Sunday, September 27, 2020

The Fed transfers

 

From this chart the Fed tax is about 3 percent of its assets and a half point of the economy.  But that half point is going up, up to a full point.   The Fed retains no earnings, all of it goes to government. 

Those number seem about right, the Fed market risk is about a quarter to half point, and pricing risk about 3%. 

The Fed needs to pay interest when it has too many gains, and earn interest visa versa. Generally the Fed is dealing with left skew or right skew.  So it is essentially balancing fits own loan to deposits across the maximum liquidity balance point.  

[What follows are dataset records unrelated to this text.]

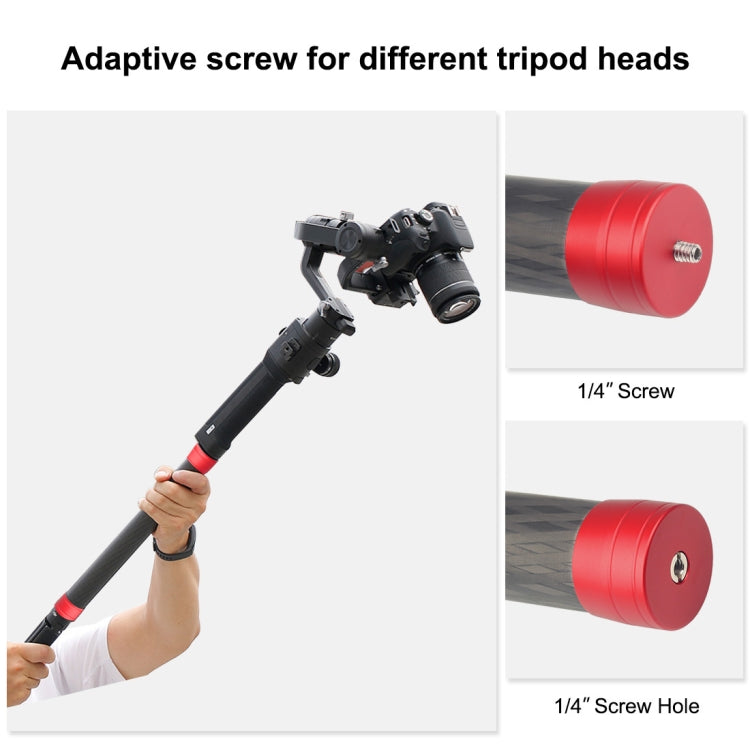 PULUZ Carbon Fiber Extension Monopod Pole Rod Extendable Stick for DJI / MOZA / Feiyu V2 / Zhiyun G5 / SPG Gimbal, Length: 35cm(Red) - free shipping - PMC TechLife - Order now!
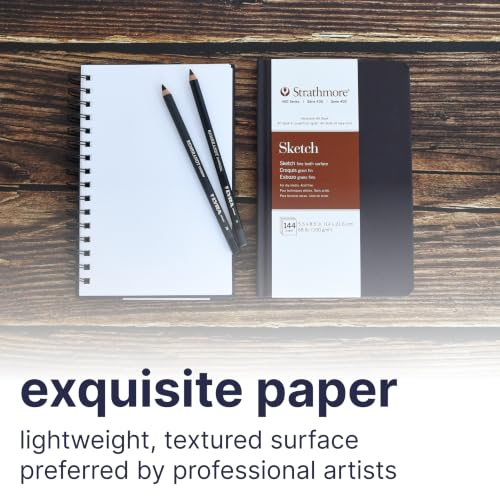 Image of Strathmore 400 Series Sketch Paper Art Book, Matte Brown Cover, Natural White, Hardbound, 60 Sheets, 5.5x8.5 inch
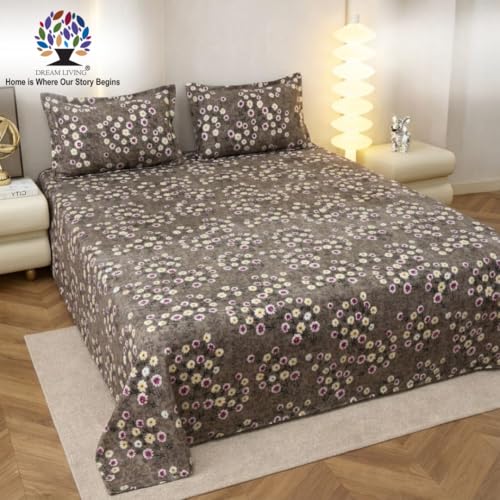 Image of Dream Living Printed Double Bedsheet with 2 Pillow Covers |110 GSM | 220x240 Cm | Brown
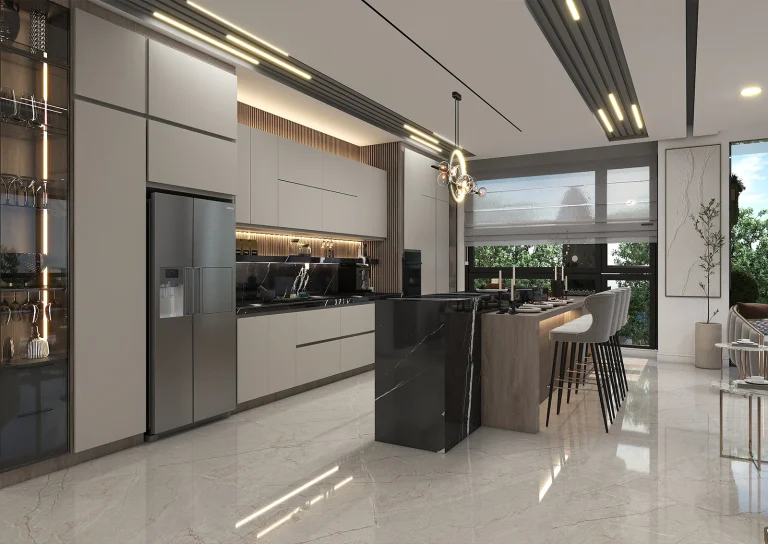 Kitchen hall design - Bmaterial - grooved MDF - linear light - MDF - stone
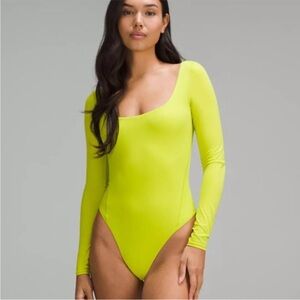 NWT- Lululemon- NULU Wundermost Square-Neck Thong Bodysuit- XL- Lemon Lime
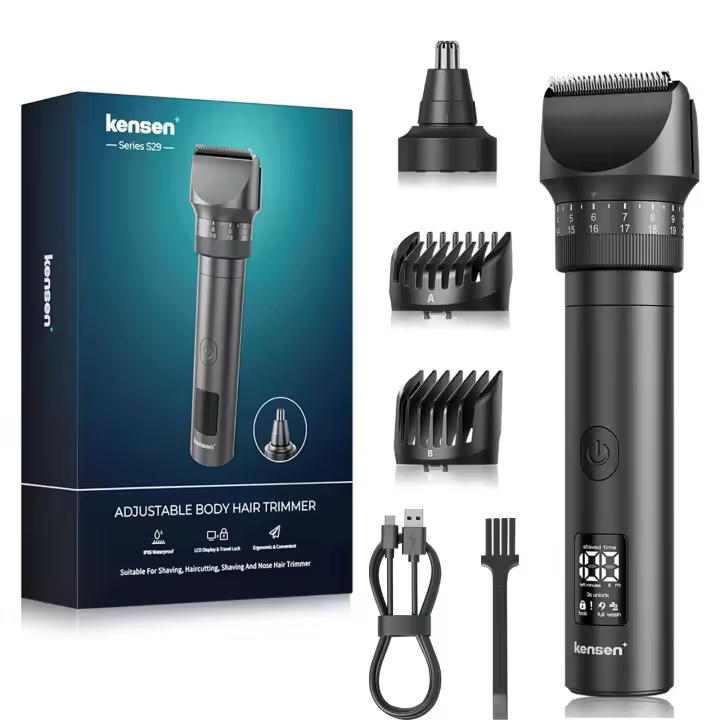 Kensen S29 para hombres 2 en 1 Kit de cortapelos ajustable Maquinilla de afeitar eléctrica Corte seco/húmedo Recortador de pelo de nariz - 1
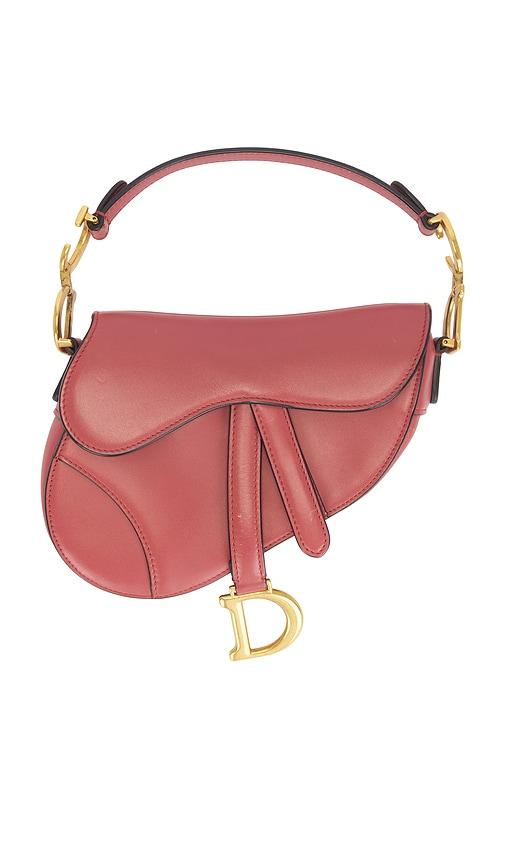 fwrd renew dior mini saddle bag in mauve.
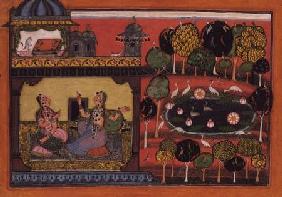 Two ladies converse in a palace seated on carpets, the palace gardens display flowering trees, a a l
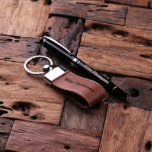 Gift Set of Brown Leather Keychain & Black Pen<br><div class="desc">Personalized leather key chain and personalized pen with silver accents.</div>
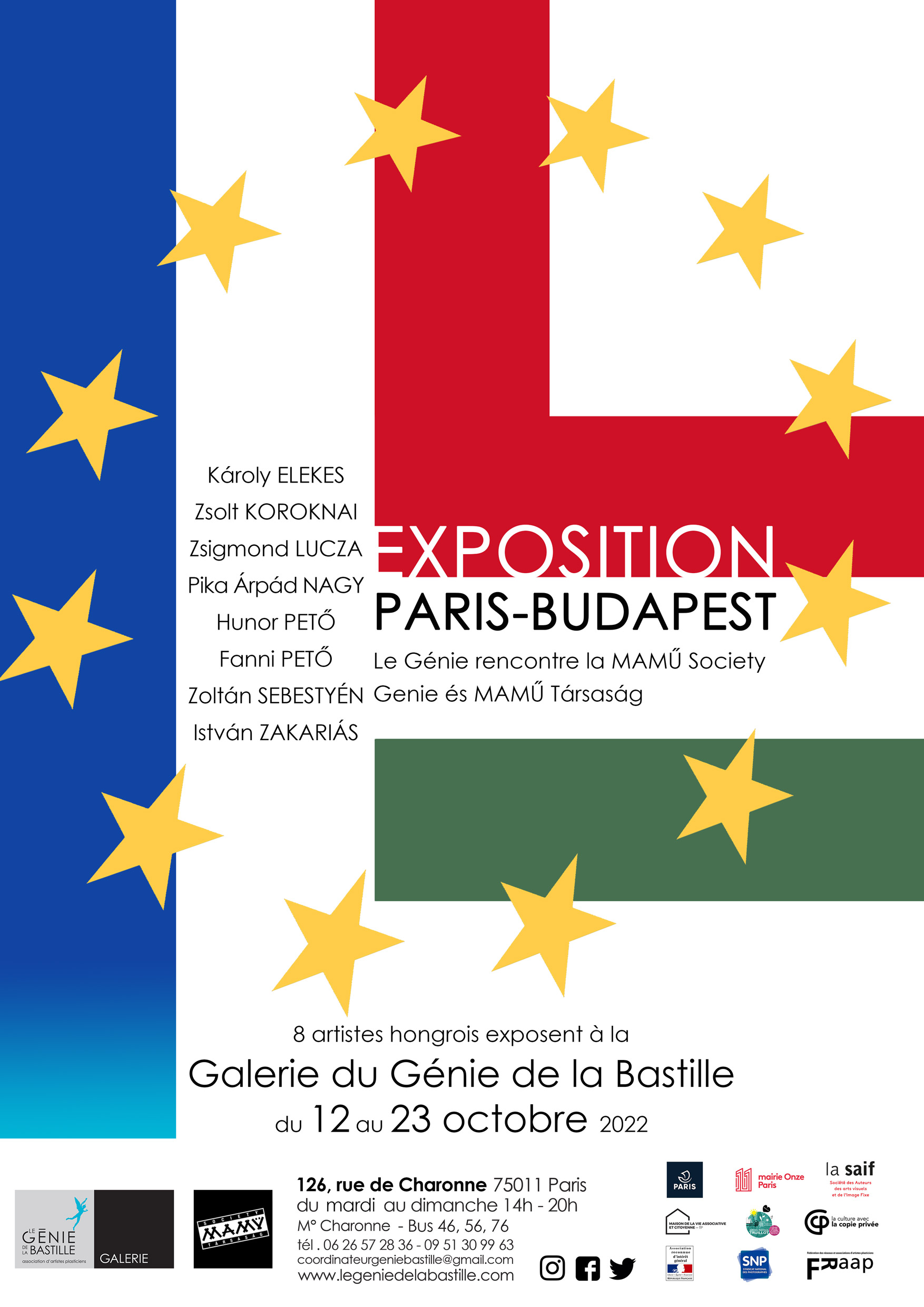 Affiche Paris-Budapest - Génie de la Bastille Mamu Society
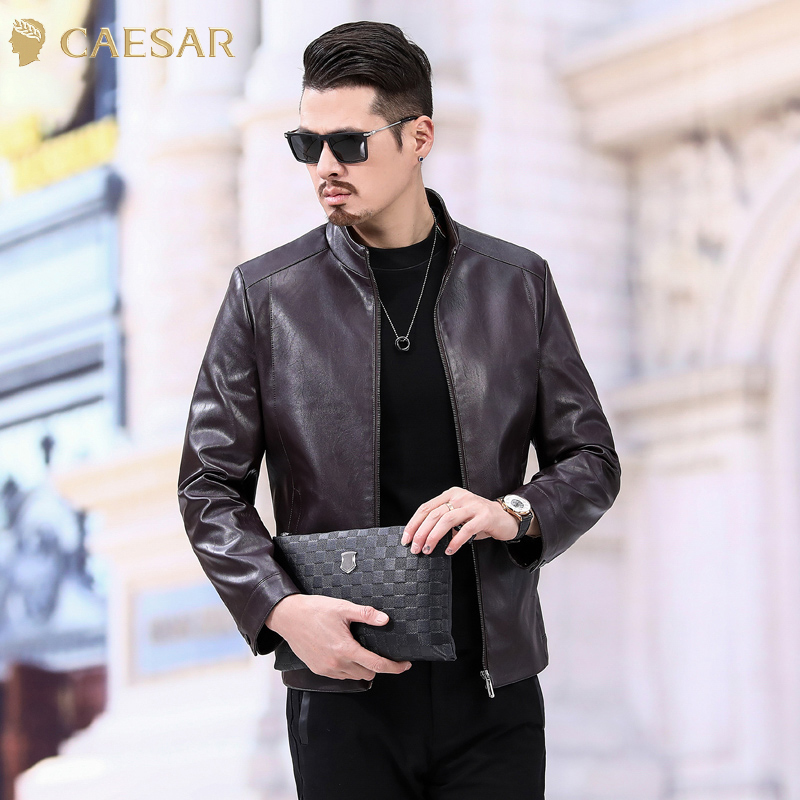 凯撒大帝皮衣男款秋冬季2025新款中年商务百搭休闲防寒上衣潮外套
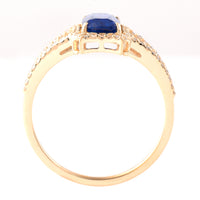 1.66 Ct Cushion Mixed Cut Natural Sapphire 14K Gold Ring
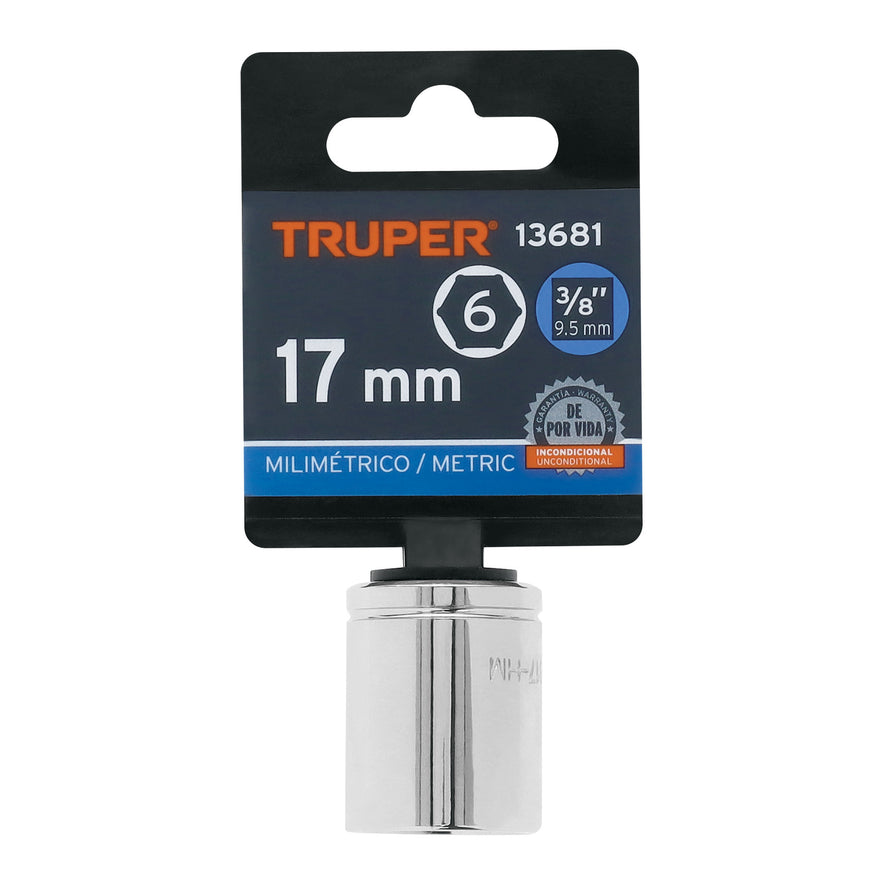 Dado de 17 mm, 6 puntas, cuadro 3/8', Truper Caja con 6, 13681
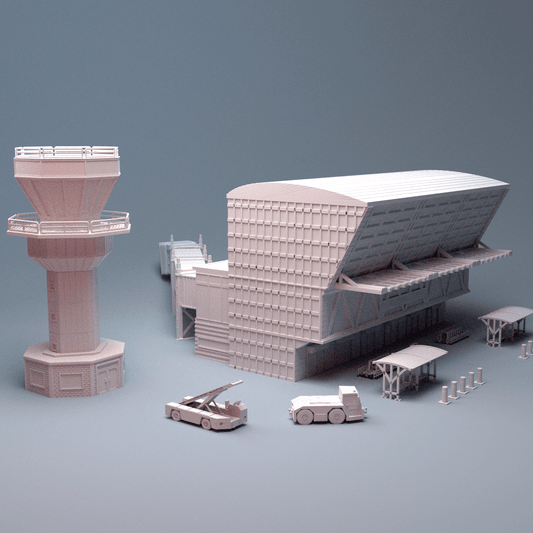 Urban International Airport – Modular Terminal, Control Tower & Passenger Bridge (28mm/32mm/40mm) - Northern Foundry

Think of the inflation tax that first appears in the a treasury deposit.  No corresponding loan, and the aggregate loan/deposit decreases and traders respond with new borrowings.   But not completely, and the Fed, a pit boss, will intervene and take on more market risk.  The Fed will increase its L/S, paying out money, a small  loss.  

Treasury, being an exogenous money printer, gets  small hedging gain due to innovations. small hedging gain.  But the inflation tax is expected and shared by all parties.  Over time the Fed S/L is still price neutral, government is not. So this scheme require government to deal with its own rising prices.  

That means a significant reform, mainly remove all the inflation adjustment clauses. But in return for the reform, government gets a permanent new tax.  And it is a variable tax to some extent, depending on the contract.   But if real growth is over 2% government should be fine. The inflation tax comes to 400 billion a year. The CBO says we need 900 billion extra per year to cover or existing debt. This simple trick gets us half way there.